Why doesn't an infinitely recursive async function cause stack overflow?

那年仲夏 提交于 2021-02-06 16:28:44

问题


I was thinking what happens when an async function recursively calls itself infinitely. My thought was that it will not cause stack overflow. But I can't exactly point out why this is the case.

const foo = async () => {
    const txt = await Promise.resolve("foo");
    console.log(txt);
    foo();
}

foo();

The code above prints "foo" infinitely without overflowing the stack.

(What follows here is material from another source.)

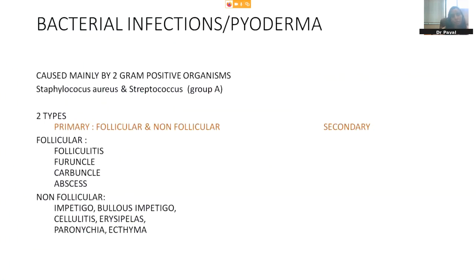Coming to the bacterial infections, which is also known as pyoderma. Mostly it is caused by two gram-positive organisms: Staphylococcus aureus and beta-hemolytic Streptococcus pyogenes group A. Broadly classifying pyoderma into two categories — primary and secondary — secondary pyoderma means the patient already has an underlying skin disorder which has been secondarily infected by Staphylococcus or Streptococcus. In primary pyoderma, we have follicular and non-follicular pyodermas — whether the hair follicle is colonized and infected or not. In the follicular variant: folliculitis, furuncle, carbuncle and abscess. In the non-follicular variant: impetigo, bullous impetigo, cellulitis, erysipelas, paronychia, and ecthyma. I will show you pictures to help you recognize these conditions.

My idea is that the code is conceptually similar to the following, it doesn't cause stack overflow because the recursive call to foo() is inside the callback, the original call to foo() will return before that.

const bar = () => {
    console.log("foo");
    foo();
}

const foo = () => {
    setImmediate(bar);
}

foo();

I am looking for the exact answer as to what happens in the case of the async function.


回答1:


Your code doesn't produce stack overflow because when you have call foo inside function it is not awaited. If you write await foo(); then it should cause stack overflow.

Consider below two cases:

Case 1 Here as per your code. From a() it will call foo without await. So what will happen when it calls foo() as it is async function, it would be scheduled to run after the current execution resolves. Or even more precisely, it will be queued for later execution and immediately a() will also continue from next line. You can see the output that a() is getting ended first, it doesn't wait for call stack for foo to return;

const foo = async () => {
    const txt = await Promise.resolve("foo");
    console.log(txt);
}

const a = async () => {
    const txt = await Promise.resolve("a");
    console.log(txt);
    foo();
    console.log("-- ENd of a() --");
}

a();

Case 2 Here inside a() it will call foo with await. You can see the output that a() is waiting for return from foo() then only it will continue on next line.

const foo = async () => {
    const txt = await Promise.resolve("foo");
    console.log(txt);
}

const a = async () => {
    const txt = await Promise.resolve("a");
    console.log(txt);
    await foo();
    console.log("-- ENd of a() --");
}

a();



回答2:


This function is syntactic sugar for

const foo = () => 
  Promise.resolve(
    Promise.resolve("foo")
    .then(txt => {
      console.log(txt);
      foo();
    })
  );

foo();

This itself can be rewritten with less dependencies as

const foo = () =>
  queueMicrotask(() =>
    queueMicrotask(() => {
      console.log("foo");
      foo();
    })
  );
foo();

Window.queueMicrotask is a quite new method that gives us a way to trigger the queue a microtask operation that Promise.resolve and hence await do trigger.
Basically, this operation pushes the microtask at the end of the current execution, but before the end of the current event loop.

The sixth point of the algorithm reads

Set task's script evaluation environment settings object set to an empty set.

This is why you don't have a stack-overflow here. However, since you are never exiting the event loop, you are blocking the browser.